As a full-service display advertising agency, Axonn combines strategic planning and high-performance creative to deliver campaigns that are cost-efficient, measurable and aligned with your wider marketing goals. We provide the insight and execution required to grow your brand.
What is display advertising?
Display advertising is a type of digital advertising that uses visual elements such as images, graphics, video, animations or rich media to reach audiences across websites, apps and social platforms. These ads appear across large display networks, including GDN, Microsoft Audience Network and major UK publisher networks.
Today, display advertising is mostly powered by programmatic buying, where algorithms purchase impressions in real time based on audience signals, intent, demographics and behaviour. Modern display campaigns also prioritise:
- Viewability: ensuring you only pay for ads that are actually seen by users.
- Brand safety controls: protecting your ads from appearing alongside inappropriate or low-quality content using filters, exclusions and verification tools.
- First-party data activation: replacing reliance on third-party cookies by using owned audience data to improve accuracy and compliance.
- Cross-device delivery: reaching users seamlessly across desktop, mobile apps, tablets and Connected TV.

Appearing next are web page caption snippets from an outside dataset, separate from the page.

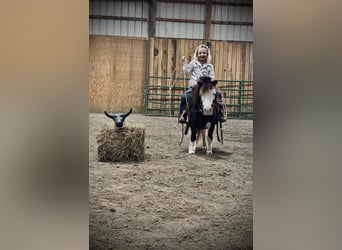 Más ponis/caballos pequeños, Caballo castrado, 7 años, 86 cm, Pío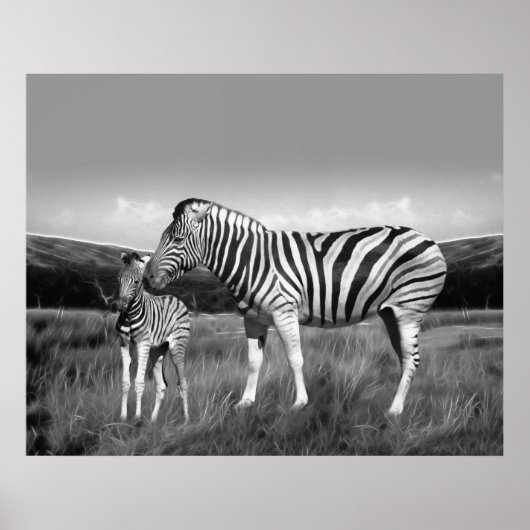 Baby Zebra en moeder Poster (Voorkant)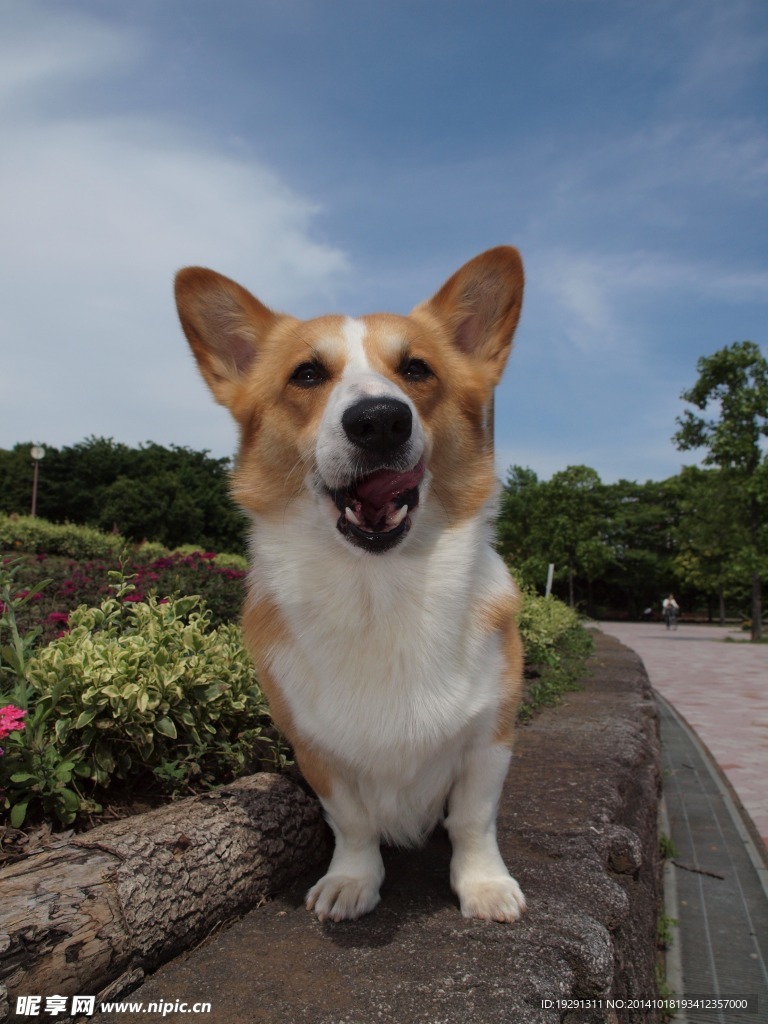 小狗狗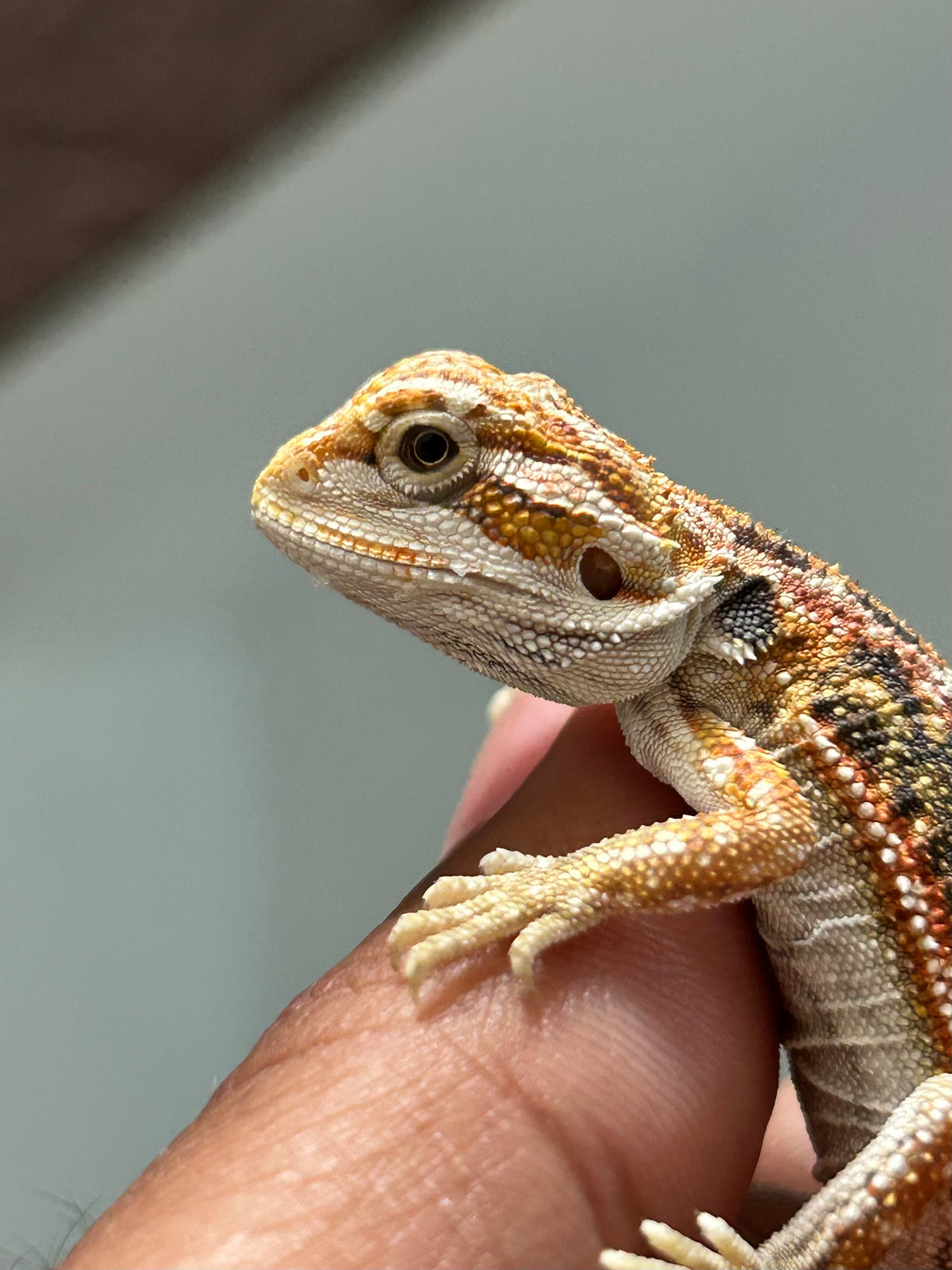 Pogona Orange hypo dunner hembra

- Automated creative optimisation: using machine learning to test variations and automatically deliver the best-performing creatives at scale.
Display ads also offer flexible pricing with cost-per-click (CPC), cost-per-thousand-impressions (CPM) or cost-per-acquisition (CPA) options, making them suitable for both awareness and performance marketing.
What are some common types of display ads?
Modern display advertising extends far beyond simple banner ads. Today’s formats are more adaptive, dynamic and tailored to different placements and devices.
Some common types of display advertising include:
Banner ads
Classic static or animated ads typically positioned at the top, bottom or sides of webpages. They are ideal for brand awareness, high-impression campaigns and cost-efficient reach.
Rich media ads
Interactive formats featuring video, scrolling elements or animations. Rich media ads improve engagement and often deliver higher click-through rates (CTRs) due to movement and interactivity.
Interstitial ads
Full-screen ads appearing between pages or app transitions, common on mobile apps. Their high visibility makes them effective for high-impact campaigns.
Native ads
Ads that blend seamlessly into surrounding content, often labelled as “sponsored” or “promoted”. Native formats tend to feel less intrusive and often generate strong engagement.
Video display ads
Short in-feed or out-stream videos running across publisher inventory. Video is now one of the fastest-growing areas of display due to higher retention and engagement.
Programmatic display ads
Ads bought via automated bidding systems. Programmatic ensures real-time optimisation, lower wastage, stronger targeting and better scalability.
Connected TV (CTV) display and audio-visual ads
Displayed on smart TVs and streaming platforms. CTV is rapidly growing in the UK and is ideal for brand-building.
Remarketing (retargeting) ads
Show ads to users who’ve already visited your website or engaged with your brand, which is very effective for boosting conversions.
Contextual ads
Serve ads based on the content of the page (e.g. placing a running shoe ad on a fitness blog). Contextual ads are increasingly important as third-party cookies disappear.
Site placement ads
Manually choose specific UK or global websites or sections to display your ads, which is useful for relevance, niche targeting and brand safety.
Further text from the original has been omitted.